Nerve sheath tumors are usually diagnosed when people are between the ages of 30 and 50, although these diseases can sometimes affect children and elderly people.

Symptoms of schwannomas can include:

  • A painless or painful growth or swelling on the face
  • Hearing loss or ringing in the ear (vestibular schwannoma)
  • Loss of coordination and balance (vestibular schwannoma)
  • Numbness, weakness, or paralysis in the face

Symptoms of neurofibrosarcomas can include:

  • Swelling or a lump in the arms or legs
  • Pain or soreness
  • Difficulty using the arms, legs, feet, or hands


Doctors diagnose nerve sheath tumors by doing a physical and neurological (brain and nervous system) examination. Usually they'll also perform imaging tests such as CT or MRI scans to pinpoint the location and size of the tumor. A biopsy (removing a tissue sample and examining it in the lab) can confirm whether the tumor is malignant.

Schawnnomas may not need treatment if they are not causing any symptoms. Surgery is sometimes needed if the tumor is pressing on a nerve causing pain or other problems. The most common treatment for neurofibrosarcomas is to remove them with surgery. Radiation therapy is often used after surgery to help decrease the risk of recurrence. However, surgery can be difficult if the tumor is very close to or surrounding an important nerve, because the surgeon could damage the nerve while trying to remove the tumor. In addition to surgery and radiation therapy, chemotherapy may also be needed. When a tumor can't be removed, high-dose radiation therapy may be used to target the tumor.

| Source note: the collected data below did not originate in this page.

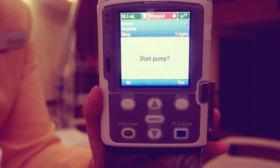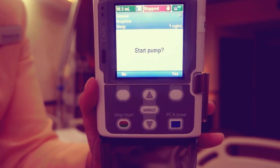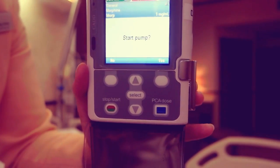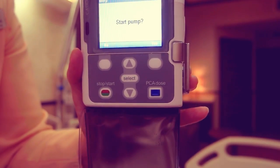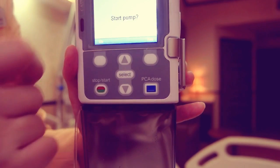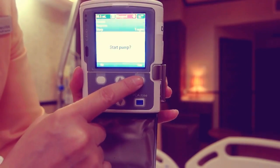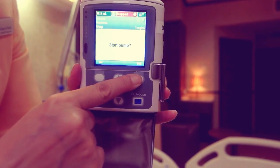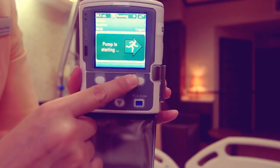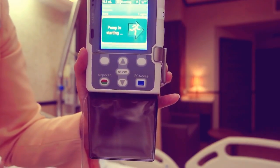Start pump prompt displays. Press yes when you are ready to begin the infusion. The pump begins running.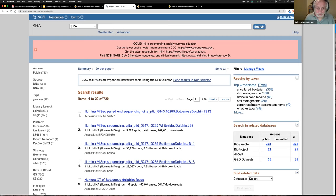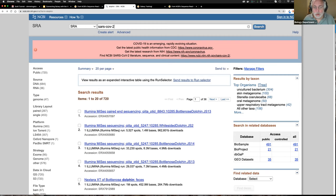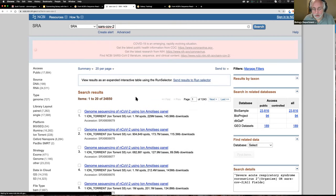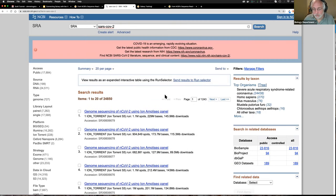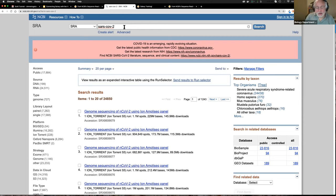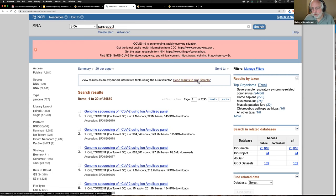We're going to search for SARS-CoV-2 — and now we have 25,000 entries, on page 1 of 1,200 pages. That's a lot of data. We could narrow things down further — by country like Egypt or Thailand — but what I want to do is switch to the Run Selector interface, which is a lot friendlier. I'm going to send all 25,000 to the Run Selector by clicking 'Send results to Run Selector.'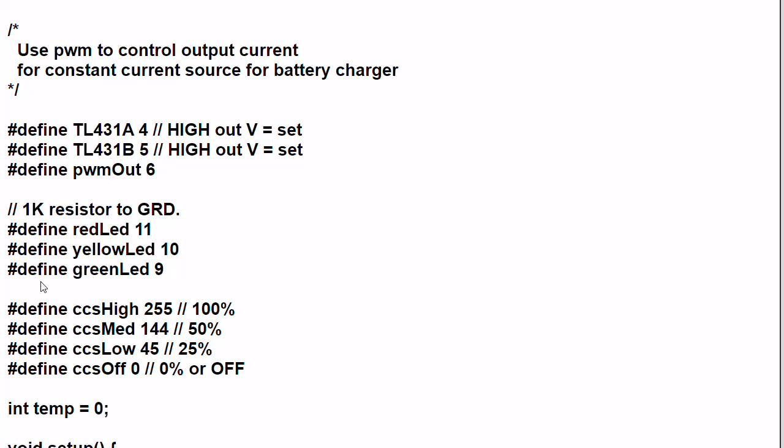What wasn't in the schematic that I added here were a couple of LEDs. So I have a red LED connected to digital pin 11, a yellow LED to digital pin 10, and a green LED connected to digital pin 9. You should know how to connect an LED to an Arduino: you connect it through a 1K resistor to ground.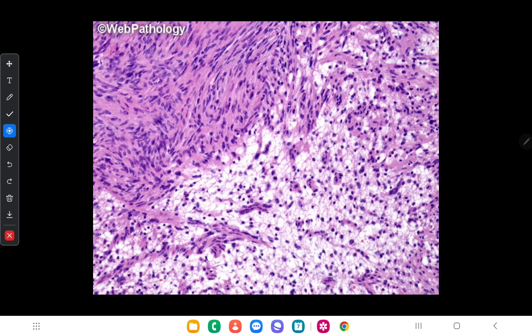Here is a microscopic view of schwannoma. In microscopy you can see there are two areas: this area is called the hypercellular area, or Antoni A area, and this area is called the hypocellular area, or Antoni B area.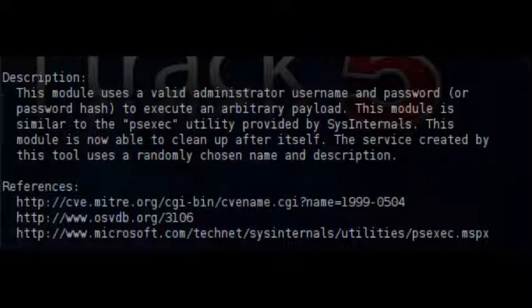Now it is time to authenticate as an administrator. We have successfully authenticated as an administrator to the remote system just by using the hash and we have opened a Meterpreter session.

With neurofibrosarcomas, the doctor will remove the tumor and the tissue around it. Surgeons will try to remove the tumor without damaging too much of the affected arm or leg (called limb-salvage or limb-sparing surgery), but if the tumor can't be removed, the arm or leg might need to be amputated. Radiation and chemotherapy may be done before surgery to shrink the tumor so it can be removed more easily, or after surgery to kill any cancer cells that are left behind.

Schwannomas usually don't come back if they are removed completely. The prognosis after treatment for neurofibrosarcoma depends on the size of the tumor, where it is located, and how far it has spread. Long-term survival can vary from person to person. It's possible for the cancer to return, even after aggressive treatment.